*** DATASET CONTENT ***

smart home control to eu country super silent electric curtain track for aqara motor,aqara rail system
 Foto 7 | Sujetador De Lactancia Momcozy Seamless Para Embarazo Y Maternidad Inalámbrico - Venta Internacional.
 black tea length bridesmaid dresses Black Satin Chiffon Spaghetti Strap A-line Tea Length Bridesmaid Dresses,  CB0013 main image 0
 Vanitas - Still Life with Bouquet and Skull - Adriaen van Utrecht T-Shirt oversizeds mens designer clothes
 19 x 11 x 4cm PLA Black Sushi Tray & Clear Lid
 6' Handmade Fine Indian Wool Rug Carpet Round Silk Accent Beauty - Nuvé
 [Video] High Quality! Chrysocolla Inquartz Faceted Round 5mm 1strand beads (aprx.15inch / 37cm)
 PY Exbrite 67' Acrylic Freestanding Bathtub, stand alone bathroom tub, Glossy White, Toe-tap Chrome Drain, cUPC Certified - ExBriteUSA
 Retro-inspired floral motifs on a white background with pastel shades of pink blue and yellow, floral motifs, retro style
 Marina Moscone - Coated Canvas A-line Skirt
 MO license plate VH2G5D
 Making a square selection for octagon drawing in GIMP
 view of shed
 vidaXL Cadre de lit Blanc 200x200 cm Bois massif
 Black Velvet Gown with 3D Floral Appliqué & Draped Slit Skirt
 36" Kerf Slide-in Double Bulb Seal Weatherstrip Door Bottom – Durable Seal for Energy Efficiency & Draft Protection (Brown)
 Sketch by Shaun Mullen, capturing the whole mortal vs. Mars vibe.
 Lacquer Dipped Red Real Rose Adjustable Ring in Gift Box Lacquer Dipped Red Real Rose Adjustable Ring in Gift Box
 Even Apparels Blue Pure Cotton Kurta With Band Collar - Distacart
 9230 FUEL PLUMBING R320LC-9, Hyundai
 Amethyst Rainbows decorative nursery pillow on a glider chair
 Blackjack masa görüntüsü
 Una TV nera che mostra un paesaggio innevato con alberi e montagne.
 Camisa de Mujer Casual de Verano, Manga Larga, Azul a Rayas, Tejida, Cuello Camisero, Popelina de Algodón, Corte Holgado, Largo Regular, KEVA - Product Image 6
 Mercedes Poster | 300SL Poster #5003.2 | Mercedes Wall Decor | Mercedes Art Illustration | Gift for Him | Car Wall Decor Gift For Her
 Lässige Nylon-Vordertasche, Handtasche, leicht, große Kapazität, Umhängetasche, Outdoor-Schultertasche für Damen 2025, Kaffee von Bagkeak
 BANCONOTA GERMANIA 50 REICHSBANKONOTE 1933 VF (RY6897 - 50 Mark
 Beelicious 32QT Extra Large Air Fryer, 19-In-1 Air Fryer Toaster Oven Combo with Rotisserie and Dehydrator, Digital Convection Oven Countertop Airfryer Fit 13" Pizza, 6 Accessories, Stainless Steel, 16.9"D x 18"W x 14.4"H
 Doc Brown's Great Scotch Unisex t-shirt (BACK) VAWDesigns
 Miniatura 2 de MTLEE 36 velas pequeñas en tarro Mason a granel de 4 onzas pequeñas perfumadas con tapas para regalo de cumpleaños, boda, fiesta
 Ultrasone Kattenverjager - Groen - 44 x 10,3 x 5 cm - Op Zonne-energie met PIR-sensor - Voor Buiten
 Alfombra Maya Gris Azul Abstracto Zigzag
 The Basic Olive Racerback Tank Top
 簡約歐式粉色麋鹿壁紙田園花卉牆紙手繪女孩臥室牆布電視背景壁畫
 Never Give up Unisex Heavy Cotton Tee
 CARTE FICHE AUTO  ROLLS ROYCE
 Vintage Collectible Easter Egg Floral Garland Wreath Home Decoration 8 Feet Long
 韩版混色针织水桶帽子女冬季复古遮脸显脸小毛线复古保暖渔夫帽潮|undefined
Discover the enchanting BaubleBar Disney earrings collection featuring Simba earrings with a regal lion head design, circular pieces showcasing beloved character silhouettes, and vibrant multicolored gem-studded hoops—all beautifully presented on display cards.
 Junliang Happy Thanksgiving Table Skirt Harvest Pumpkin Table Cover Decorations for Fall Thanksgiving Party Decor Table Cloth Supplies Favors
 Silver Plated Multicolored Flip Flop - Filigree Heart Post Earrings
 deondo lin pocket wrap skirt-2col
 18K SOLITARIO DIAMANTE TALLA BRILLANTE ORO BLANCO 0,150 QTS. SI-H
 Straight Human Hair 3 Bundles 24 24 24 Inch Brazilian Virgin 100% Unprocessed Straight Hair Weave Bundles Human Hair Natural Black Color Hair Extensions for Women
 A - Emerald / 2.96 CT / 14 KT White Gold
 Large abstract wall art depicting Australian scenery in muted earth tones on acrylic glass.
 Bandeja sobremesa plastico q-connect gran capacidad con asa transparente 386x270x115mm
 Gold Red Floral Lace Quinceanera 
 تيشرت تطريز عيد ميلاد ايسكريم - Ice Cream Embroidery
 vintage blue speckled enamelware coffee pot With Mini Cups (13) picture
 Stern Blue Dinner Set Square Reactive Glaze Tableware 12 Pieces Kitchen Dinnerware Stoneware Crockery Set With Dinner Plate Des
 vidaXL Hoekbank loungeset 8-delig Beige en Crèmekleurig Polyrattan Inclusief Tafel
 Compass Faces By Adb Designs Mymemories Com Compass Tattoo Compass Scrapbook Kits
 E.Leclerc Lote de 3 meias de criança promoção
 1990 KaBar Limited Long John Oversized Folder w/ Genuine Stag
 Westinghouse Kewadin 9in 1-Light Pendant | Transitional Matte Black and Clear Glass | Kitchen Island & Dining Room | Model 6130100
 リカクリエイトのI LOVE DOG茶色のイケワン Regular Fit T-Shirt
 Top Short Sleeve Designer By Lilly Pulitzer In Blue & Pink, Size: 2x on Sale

***

_WORK TO BE COMPLETED:_
Repeat exactly the lines above from the one with "BANCONOTA GERMANIA 50" up to and including the one with "韩版混色针织水桶帽子女冬季复". No other line belongs in the reply.

_TASK RESPONSE:_
 BANCONOTA GERMANIA 50 REICHSBANKONOTE 1933 VF (RY6897 - 50 Mark
 Beelicious 32QT Extra Large Air Fryer, 19-In-1 Air Fryer Toaster Oven Combo with Rotisserie and Dehydrator, Digital Convection Oven Countertop Airfryer Fit 13" Pizza, 6 Accessories, Stainless Steel, 16.9"D x 18"W x 14.4"H
 Doc Brown's Great Scotch Unisex t-shirt (BACK) VAWDesigns
 Miniatura 2 de MTLEE 36 velas pequeñas en tarro Mason a granel de 4 onzas pequeñas perfumadas con tapas para regalo de cumpleaños, boda, fiesta
 Ultrasone Kattenverjager - Groen - 44 x 10,3 x 5 cm - Op Zonne-energie met PIR-sensor - Voor Buiten
 Alfombra Maya Gris Azul Abstracto Zigzag
 The Basic Olive Racerback Tank Top
 簡約歐式粉色麋鹿壁紙田園花卉牆紙手繪女孩臥室牆布電視背景壁畫
 Never Give up Unisex Heavy Cotton Tee
 CARTE FICHE AUTO  ROLLS ROYCE
 Vintage Collectible Easter Egg Floral Garland Wreath Home Decoration 8 Feet Long
 韩版混色针织水桶帽子女冬季复古遮脸显脸小毛线复古保暖渔夫帽潮|undefined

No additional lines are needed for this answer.